• Problem details
Using the material that follows, output exactly the lines from the one containing "Before jumping in, if" through the one containing "Getting to a", with both ends kept.

• Source material
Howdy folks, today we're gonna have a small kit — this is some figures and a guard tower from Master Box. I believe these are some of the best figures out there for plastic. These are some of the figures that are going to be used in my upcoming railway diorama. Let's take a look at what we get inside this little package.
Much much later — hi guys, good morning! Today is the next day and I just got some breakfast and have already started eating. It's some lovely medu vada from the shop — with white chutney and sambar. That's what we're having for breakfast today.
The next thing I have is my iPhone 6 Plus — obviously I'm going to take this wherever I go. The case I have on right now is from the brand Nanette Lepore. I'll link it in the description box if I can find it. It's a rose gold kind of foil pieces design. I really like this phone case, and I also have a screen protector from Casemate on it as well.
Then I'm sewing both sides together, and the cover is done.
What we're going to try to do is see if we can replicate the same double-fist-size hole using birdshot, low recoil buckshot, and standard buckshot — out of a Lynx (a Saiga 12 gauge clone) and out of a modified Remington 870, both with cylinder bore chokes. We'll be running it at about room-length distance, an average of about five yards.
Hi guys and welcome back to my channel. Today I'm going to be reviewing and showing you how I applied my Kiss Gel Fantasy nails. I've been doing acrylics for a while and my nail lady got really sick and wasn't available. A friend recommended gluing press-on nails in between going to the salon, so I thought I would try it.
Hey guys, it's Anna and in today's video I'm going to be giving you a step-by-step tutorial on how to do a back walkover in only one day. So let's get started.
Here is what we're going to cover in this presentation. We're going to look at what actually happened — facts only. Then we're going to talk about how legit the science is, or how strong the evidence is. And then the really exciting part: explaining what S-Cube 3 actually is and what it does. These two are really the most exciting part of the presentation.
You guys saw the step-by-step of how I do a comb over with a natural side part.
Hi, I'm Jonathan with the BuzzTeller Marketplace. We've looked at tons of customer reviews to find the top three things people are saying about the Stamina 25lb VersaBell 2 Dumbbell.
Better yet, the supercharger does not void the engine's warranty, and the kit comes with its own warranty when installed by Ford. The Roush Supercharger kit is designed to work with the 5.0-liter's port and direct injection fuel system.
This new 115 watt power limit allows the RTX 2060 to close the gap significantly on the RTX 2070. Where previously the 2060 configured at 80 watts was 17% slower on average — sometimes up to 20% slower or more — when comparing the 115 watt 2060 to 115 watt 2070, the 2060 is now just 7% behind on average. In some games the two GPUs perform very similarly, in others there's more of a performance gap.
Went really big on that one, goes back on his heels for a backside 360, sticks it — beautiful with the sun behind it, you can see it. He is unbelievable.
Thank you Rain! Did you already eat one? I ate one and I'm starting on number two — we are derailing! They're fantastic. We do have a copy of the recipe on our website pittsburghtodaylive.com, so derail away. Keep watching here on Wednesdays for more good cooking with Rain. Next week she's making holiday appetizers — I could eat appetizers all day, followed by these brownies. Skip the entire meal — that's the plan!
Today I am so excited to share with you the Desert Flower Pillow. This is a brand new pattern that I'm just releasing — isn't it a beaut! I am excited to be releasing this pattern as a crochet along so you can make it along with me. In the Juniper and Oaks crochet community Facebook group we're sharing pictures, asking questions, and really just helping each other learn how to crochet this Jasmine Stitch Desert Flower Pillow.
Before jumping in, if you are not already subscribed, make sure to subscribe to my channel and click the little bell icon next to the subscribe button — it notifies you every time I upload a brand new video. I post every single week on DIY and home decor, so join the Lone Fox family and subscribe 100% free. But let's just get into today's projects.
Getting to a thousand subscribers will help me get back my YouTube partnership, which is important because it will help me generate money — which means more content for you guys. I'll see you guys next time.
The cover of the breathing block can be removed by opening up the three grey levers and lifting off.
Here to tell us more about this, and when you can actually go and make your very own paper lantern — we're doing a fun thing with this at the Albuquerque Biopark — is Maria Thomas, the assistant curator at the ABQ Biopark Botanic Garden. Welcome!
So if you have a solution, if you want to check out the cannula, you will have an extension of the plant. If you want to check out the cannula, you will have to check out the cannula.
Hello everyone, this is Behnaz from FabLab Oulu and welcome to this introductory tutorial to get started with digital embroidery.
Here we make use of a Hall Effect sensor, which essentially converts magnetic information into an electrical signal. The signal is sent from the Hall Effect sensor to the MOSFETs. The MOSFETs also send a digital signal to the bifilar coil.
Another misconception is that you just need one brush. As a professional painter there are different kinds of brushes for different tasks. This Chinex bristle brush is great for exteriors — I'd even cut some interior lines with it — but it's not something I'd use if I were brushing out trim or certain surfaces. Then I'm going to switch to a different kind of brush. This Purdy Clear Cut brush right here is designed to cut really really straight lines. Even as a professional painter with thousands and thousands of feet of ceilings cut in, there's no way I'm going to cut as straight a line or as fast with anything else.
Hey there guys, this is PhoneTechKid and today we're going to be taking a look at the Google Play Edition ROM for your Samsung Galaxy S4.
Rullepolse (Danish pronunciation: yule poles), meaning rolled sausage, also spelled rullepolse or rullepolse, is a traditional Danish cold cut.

• Answer to the problem
Before jumping in, if you are not already subscribed, make sure to subscribe to my channel and click the little bell icon next to the subscribe button — it notifies you every time I upload a brand new video. I post every single week on DIY and home decor, so join the Lone Fox family and subscribe 100% free. But let's just get into today's projects.
Getting to a thousand subscribers will help me get back my YouTube partnership, which is important because it will help me generate money — which means more content for you guys. I'll see you guys next time.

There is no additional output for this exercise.